Les dessins accompagnent parfaitement le récit : certaines double-pages sont splendides, mêlant deux styles, les gravures européennes (Holbein) et les glyphes aztèques colorés, selon qu’il est question des colons ou des autochtones, créant un résultat unique et sublime. Inspiré par l’iconographie et l’art des « scribes-peintres » d’Anahuac, Jean Dytar s’est immergé dans les codex d’époque pour restituer fidèlement cet univers. Sur le site de Jean Dytar, dans un article passionnant, les auteurs reviennent en détail sur les sources graphiques à l’origine de ce projet.
Mention spéciale également pour les couleurs, parfaitement maîtrisées, utilisées en début d’ouvrage avec parcimonie en contraste avec le noir et blanc. A mesure que la rédaction de l’histoire avance, les couleurs se font plus présentes, comme si la découverte et la compréhension de l’autre chassaient l’obscurité.

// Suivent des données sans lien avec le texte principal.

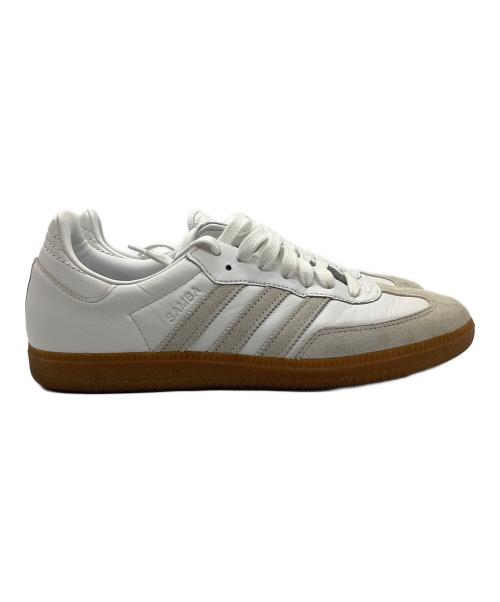 adidas（アディダス）adidas (アディダス) ローカットスニーカー　adidas　SAMBA UA　メンズ　26.5cm ホワイト サイズ:26.5の古着・服飾アイテム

Extrait du Codex Borbonicus, planche 14 (site de Jean Dytar)
Les sentiers d’Anahuac s’impose donc comme une œuvre essentielle, tant par son apport et sa rigueur historiques que par sa qualité narrative et visuelle. Un vrai beau livre à offrir, à s’offrir et, pour l’enseignant d’histoire, un outil pédagogique précieux, capable d’enrichir les connaissances des élèves (et du professeur). Certaines planches pourront aisément servir de supports pertinents et stimulants pour aborder, en classe de 5ᵉ ou de Seconde, la constitution des empires coloniaux, ses acteurs (conquistadors, missionnaires, caciques, …) ainsi que le devenir des populations des Amériques après la conquêtes (évolution du peuplement amérindien, christianisation, colonisation européenne, métissage, etc.). Enfin, un projet interdisciplinaire (histoire, arts plastiques, espagnol, français, etc.) autour de ce roman graphique paraît tout à fait envisageable.